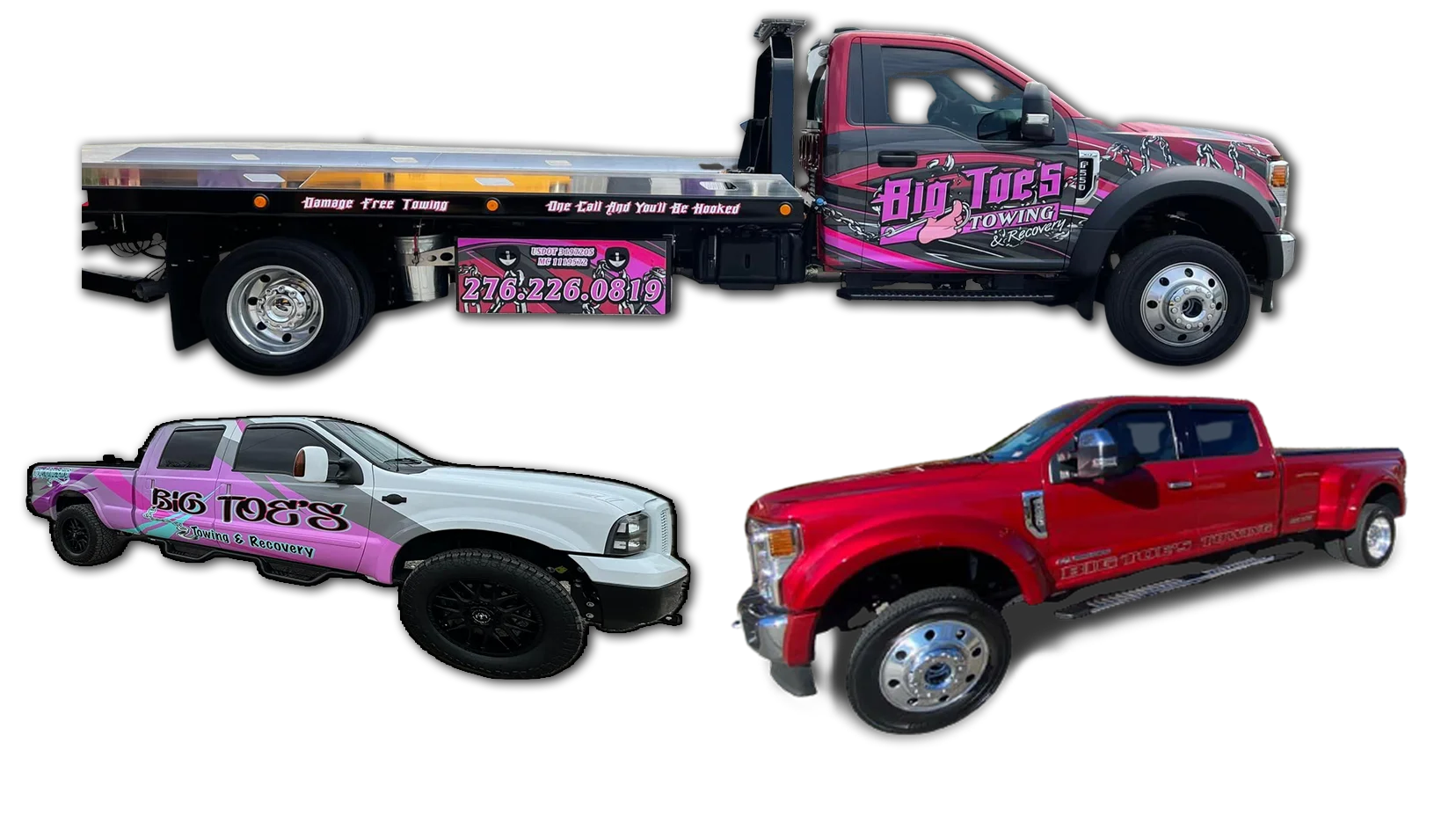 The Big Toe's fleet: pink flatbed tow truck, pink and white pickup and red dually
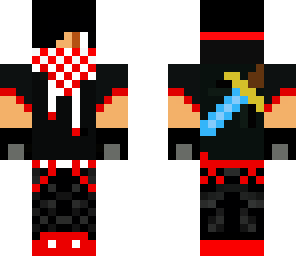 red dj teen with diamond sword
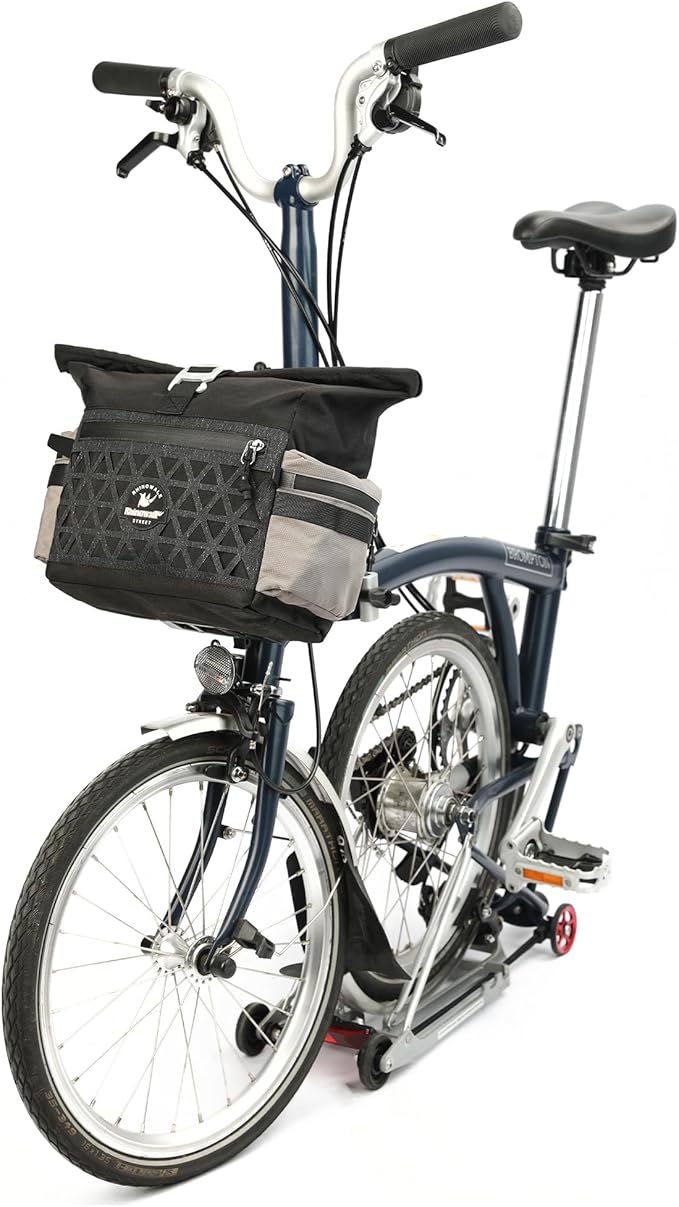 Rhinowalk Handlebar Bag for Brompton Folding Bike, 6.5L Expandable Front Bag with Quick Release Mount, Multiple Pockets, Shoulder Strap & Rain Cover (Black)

__What is expected__: The lines above must be transcribed exactly, with every picture left out.

__Task output__:
 The Big Toe's fleet: pink flatbed tow truck, pink and white pickup and red dually
 red dj teen with diamond sword
 Rhinowalk Handlebar Bag for Brompton Folding Bike, 6.5L Expandable Front Bag with Quick Release Mount, Multiple Pockets, Shoulder Strap & Rain Cover (Black)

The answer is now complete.